By CAPT Samuel F. Wright, JAGC, USNR
Vincent C. Conyers applied for a position as a screener for the Transportation Security Administration (TSA) but was not selected. Congress created TSA shortly after September 11, 2001. TSA was originally part of the Department of Transportation and was transferred to the Department of Homeland Security when that department came into being.
Conyers appealed his non-selection to the Merit Systems Protection Board (MSPB), claiming that the non-selection violated the Uniformed Services Employment and Reemployment Rights Act (USERRA), as well as other statutes. The MSPB held that it did not have jurisdiction to hear Mr. Conyers’ appeal because section 111(d) of the Aviation Transportation Security Act, 49 U.S.C. 44935 note, gives TSA the authority to appoint screeners “notwithstanding any other provision of law.”

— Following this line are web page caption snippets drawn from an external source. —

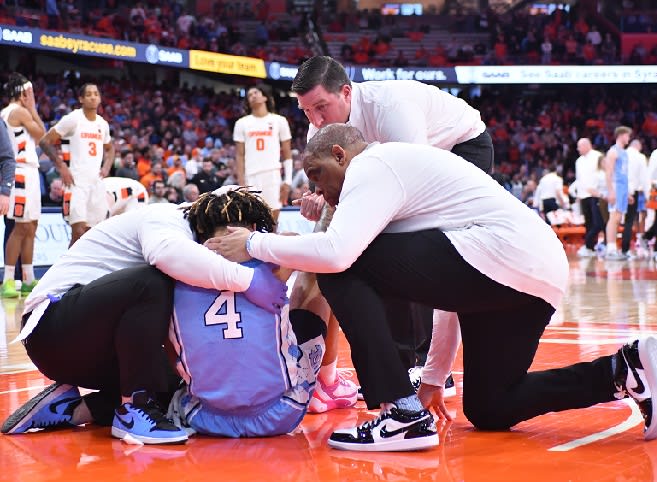 UNC point guard RJ Davis took one for the team Tuesday night at Syracuse, and it may have been the game's biggest play.
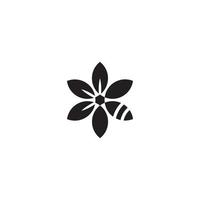conception de logo ou d'icône de fleurs et d'abeilles vecteur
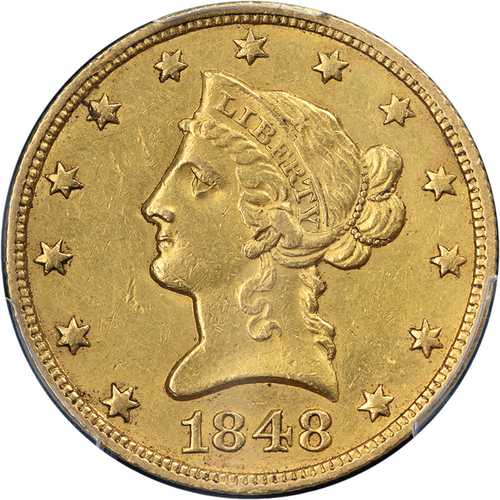 1848年Oミント リバティ金貨 10ドル PCGS AU 詳細 希少年号 良好な外観 良好な打刻|世界の紙幣・金・銀・銅 ラフテル
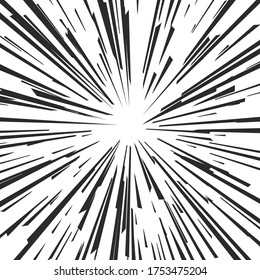 Vector sun star burst monochrome radial ray line background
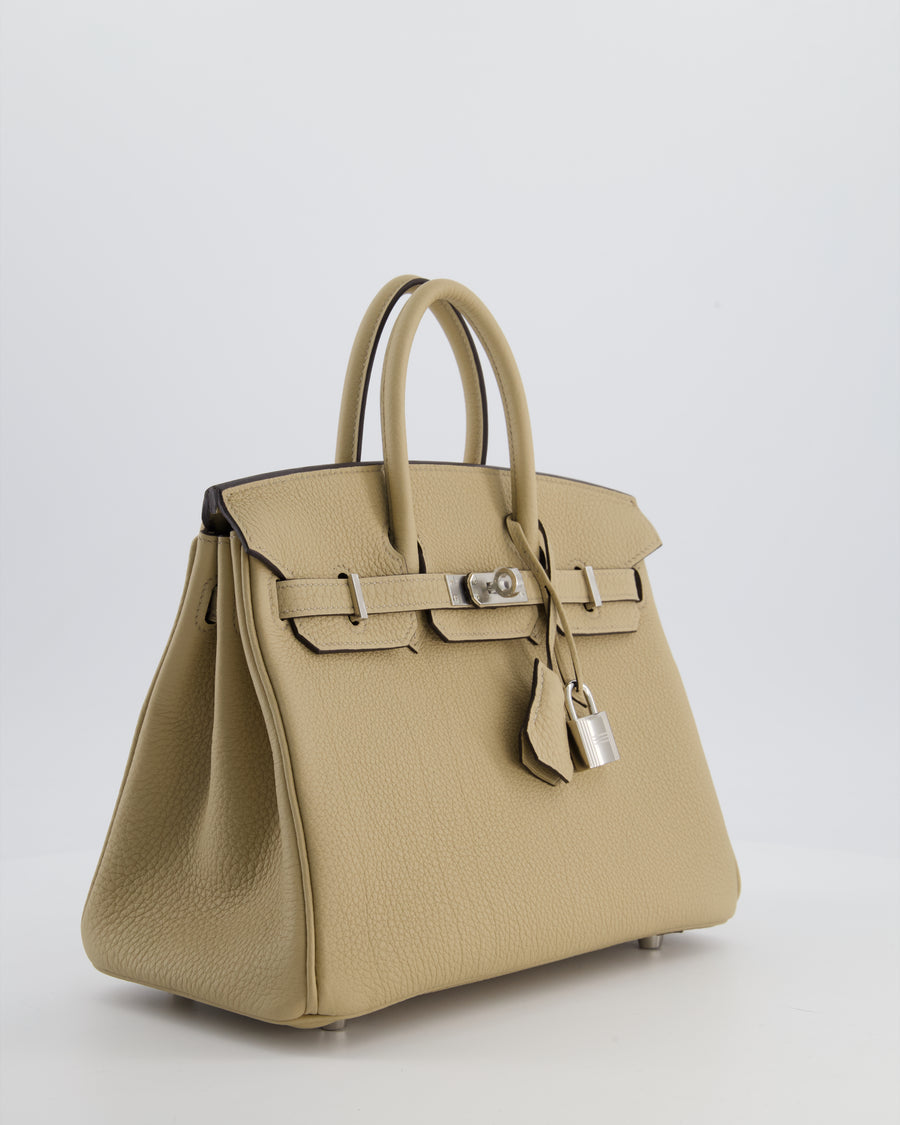 *RARE* Hermès Birkin 25 Retourne Bag in Trench Togo Leather with Palladium Hardware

The MSPB held, and the United States Court of Appeals for the Federal Circuit agreed, that the “notwithstanding” clause precluded the MSPB from exercising jurisdiction over Mr. Conyers’ appeal. Conyers v. Merit Systems Protection Board, 388 F.3d 1380 (Fed. Cir. 2004). See also Spain v. Department of Homeland Security, 99 M.S.P.R. 529 (2005).The bottom line is that TSA screeners and persons seeking such positions have no enforceable USERRA rights, and only a statutory amendment can give them an effective remedy. This state of affairs runs contrary to section 4301(b) of USERRA, which expresses the “sense of Congress that the Federal Government should be a model employer in carrying out the provisions of this chapter.” TSA screeners should enjoy the same USERRA rights enjoyed by almost all other employees in this country, including federal employees, state and local government employees, and employees in the private sector.